Reputation: 11
I want to extract semi structured tables from PDF files. I might consider other modules than pdfplumber if they can work better. I need not only table, but sometimes text above table is still a part of the table (for example name of columns sometimes are above table), or table is continued on the other page.
I tried using extract_text_lines() and It works fine. I want to check pdf line by line and if line is a table - I start collecting this data.

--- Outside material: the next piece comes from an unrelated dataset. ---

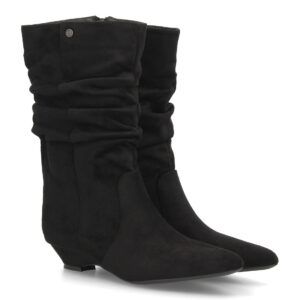 Botas mujer fruncidas con tacón — S-6083 — Negro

def extract_table_from_page(pdf_path, page_number):
with pdfplumber.open(pdf_path) as pdf:
page = pdf.pages[page_number]
lines = page.extract_text_lines()
for line in lines:
if 'chars' in line.keys():
print(line)
Upvotes: 1
Views: 1158
Reputation: 3120
Here is a PyMuPDF example of a table having external column headers in a number of different header text rotation angles - including multi-line column headers.
Some of the column names are vertical.
Here is a PyMuPDF script which finds and extracts the table, identifies the column names and prints table contents in markdown format (Github-compatible):
import fitz # PyMuPDF
doc=fitz.open("input.pdf") # test file
page=doc[0] # first page having the table
tabs=page.find_tables() # find tables on page
tab=tabs[0] # take first table
print(tab.to_markdown()) # print all content in Github-markdown format
|Column1|column2|column3 line 2|column4 line 2|
|---|---|---|---|
|11|22|33|44|
|55|66|77|88|
|99|AA|BB|CC|
|DD|EE|FF||
tab.header.external # show some table header properties
True
tab.header.names
['Column1', 'column2', 'column3 line 2', 'column4 line 2']
BTW: Other formats are available too, like a Python list of lists or output to pandas DataFrame.
Note: I am a maintainer and the original creator of PyMuPDF.
Upvotes: 1